My flight isn't delayed or anything, I am just tired of waiting. I have spent most of the day in something I refer to as The Waiting Place (WaPa).
You may be familiar with The WaPa, but not before known it has a name. The WaPa is a neighborhood in the city-state of Anxiety; a neighborhood in which you can't really focus on anything, time moves slower than frozen molasses, and no map will lead you out of it.
You will likely find yourself in The WaPa when you are waiting for something around which you have emotions. Depending on your citizenship status in the city-state of Anxiety, you might only enter WaPa when you are waiting for something highly emotionally charged, like your wedding or an annual performance review with a really mean boss.
If you're like me though, a full citizen of Anxiety, you may be a part-time resident of WaPa, staying in the neighborhood whenever you are waiting for pretty much anything. A doctor's appointment, the mail person, a friend coming by to pick something up, an email to come through, and so on.
As this trip has approached, I have been in WaPa for almost a week now. I have packed things and then had to unpack them because I still need them. I have tidied my house to a level which I'm sure there are certain items I will not find until the next time I move. I have walked (read: paced) far more steps than normal, closing my rings every day this week.
And now, on the other side of security, with my bag checked, (because I like to live dangerously) and my devices charged up to 100%, I have nothing to do but wander the mental streets of WaPa, thinking about it.
When I am stressed, my brain has a really curious habit of compulsively rewriting lyrics to fit my situation, almost against my will.
Today, I re-imagined the lyrics to “America” from The West Side Story, with full apologies to Leonard Bernstein:
Cleaning my room in the Waiting Place
Distracted on Zoom in the Waiting Place
More time still looms in the Waiting Place
Scrolling through doom in the Waiting Place
Time don’t move right in the Waiting Place
The sky is still light in the Waiting Place
I packed it all, right? in the Waiting Place
My patience is slight in the Waiting Place
the Waiting Place
La, la, la, la, la, la, the Waiting Place
the Waiting Place
Checking the time in the Waiting Place
Yeah sure I’m fine in the Waiting Place
Can’t believe it’s not time in the Waiting Place
I don't think I've ever been this excited about a trip in my life. I assume this is how Disney Adults feel about going to Orlando, or how people who actually trust boats and oceans feel about going on a cruise.
Yesterday, I watched the UCL match between Aston Villa and PSG and thought to myself "the next big match in England, I will be one of the people in the crowd" and got goosebumps. Today, before I took my dog to her friend's house for the trip, I watched the Real Madrid - Arsenal UCL game and all I could think to myself was "By this time tomorrow, I will be at a match." And not just any match, a UEL match that could go as far as penalty kicks, something I have never seen in person. I'm assuming it will be even worse to experience in person.

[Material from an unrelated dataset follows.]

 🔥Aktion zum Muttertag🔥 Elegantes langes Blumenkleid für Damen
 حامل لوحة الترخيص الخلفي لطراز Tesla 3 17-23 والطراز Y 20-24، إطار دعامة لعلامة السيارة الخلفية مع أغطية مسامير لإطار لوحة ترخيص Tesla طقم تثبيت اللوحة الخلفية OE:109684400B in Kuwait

(If you are not familiar, penalty kicks aka PKs are the cruelest thing in football. They are 100% psychological. Every single player can make a PK when there's no pressure. It's the pressure and mind games, after 120 minutes of running your guts out, that make a difference. At the end of the day, PKs are essentially settling a football match with a series of cruel coin flips.)
So now, here I am, listening to boarding announcements, waiting until someone calls my plane, and announces it's time for me to get in the very large metal tube with a bunch of strangers who will be my compatriots for the next 7 hours while we fly across an ocean…
As an aside, while I'm in the air, the inaugural match of the Northern Super League, Canada's new women's football league, will kick off. My friend will be in attendance after I gently bullied them to do so, and I will be jealous, but thrilled that there's a new women's football league being born. If you're reading this on the evening of March 16th: The match will be streaming on NSL in Canada and ESPN+ in the US. If you're anywhere else, you're SOL, but just know it's happening and send everyone's ACLs good wishes.
Now, I guess it’s back to wandering WaPa and wondering if that new matcha place on the corner means gentrification is coming. And what gentrification looks like in the city-state of Anxiety. Have I stretched this metaphor to its breaking point yet?